**BRIEF:** Would you please transcribe, exactly as written, the lines of the entries below starting at the one that holds "Tunawisma Roma Bersuka" and ending at the one that holds "Photo 12 of", both included?

**MATERIAL FOR THIS TASK:**
::::::::::

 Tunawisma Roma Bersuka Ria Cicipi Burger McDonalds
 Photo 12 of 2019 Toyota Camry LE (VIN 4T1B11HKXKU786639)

::::::::::

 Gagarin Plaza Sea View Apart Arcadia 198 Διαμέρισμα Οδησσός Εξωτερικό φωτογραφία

::::::::::

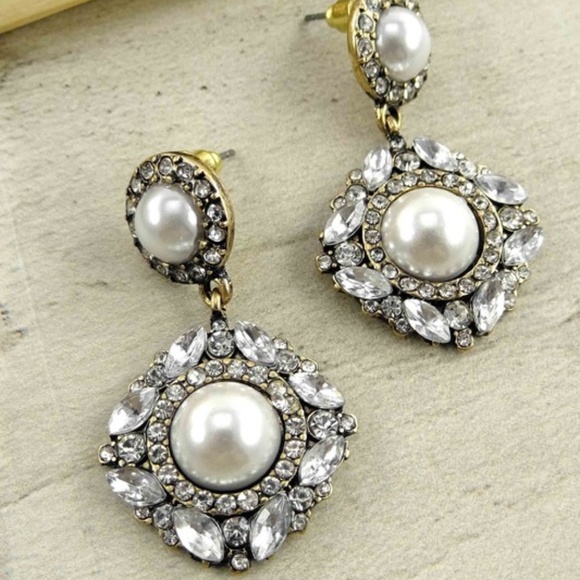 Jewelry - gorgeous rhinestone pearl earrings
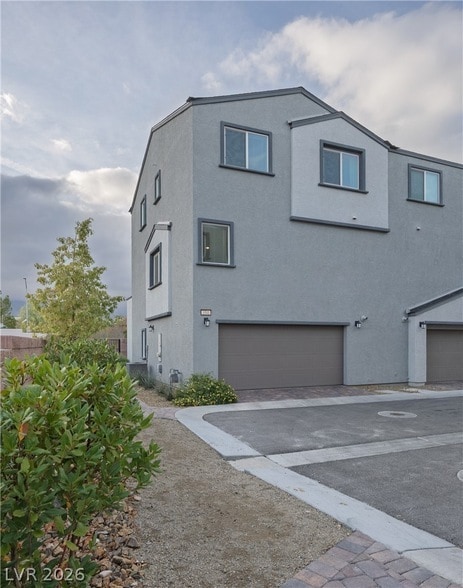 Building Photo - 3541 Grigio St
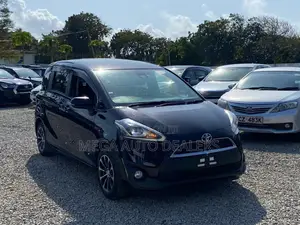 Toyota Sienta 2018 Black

::::::::::

**SOLUTION TO THE EXERCISE:**
 Tunawisma Roma Bersuka Ria Cicipi Burger McDonalds
 Photo 12 of 2019 Toyota Camry LE (VIN 4T1B11HKXKU786639)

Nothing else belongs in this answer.